• REQUIREMENT: The line holding "Lanka, Asia Framed" and every line after it through the end of the entries below: retype these exactly and nothing more.

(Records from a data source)
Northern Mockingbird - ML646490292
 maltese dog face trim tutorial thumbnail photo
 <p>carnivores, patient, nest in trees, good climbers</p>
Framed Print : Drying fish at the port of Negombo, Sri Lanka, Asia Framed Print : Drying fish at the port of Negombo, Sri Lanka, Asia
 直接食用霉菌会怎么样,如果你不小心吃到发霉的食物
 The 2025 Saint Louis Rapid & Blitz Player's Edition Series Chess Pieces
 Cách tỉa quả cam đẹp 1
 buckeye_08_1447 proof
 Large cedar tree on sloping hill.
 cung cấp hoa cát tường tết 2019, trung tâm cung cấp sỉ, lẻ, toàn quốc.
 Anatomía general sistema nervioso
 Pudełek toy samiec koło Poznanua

• SOLUTION:
Framed Print : Drying fish at the port of Negombo, Sri Lanka, Asia Framed Print : Drying fish at the port of Negombo, Sri Lanka, Asia
 直接食用霉菌会怎么样,如果你不小心吃到发霉的食物
 The 2025 Saint Louis Rapid & Blitz Player's Edition Series Chess Pieces
 Cách tỉa quả cam đẹp 1
 buckeye_08_1447 proof
 Large cedar tree on sloping hill.
 cung cấp hoa cát tường tết 2019, trung tâm cung cấp sỉ, lẻ, toàn quốc.
 Anatomía general sistema nervioso
 Pudełek toy samiec koło Poznanua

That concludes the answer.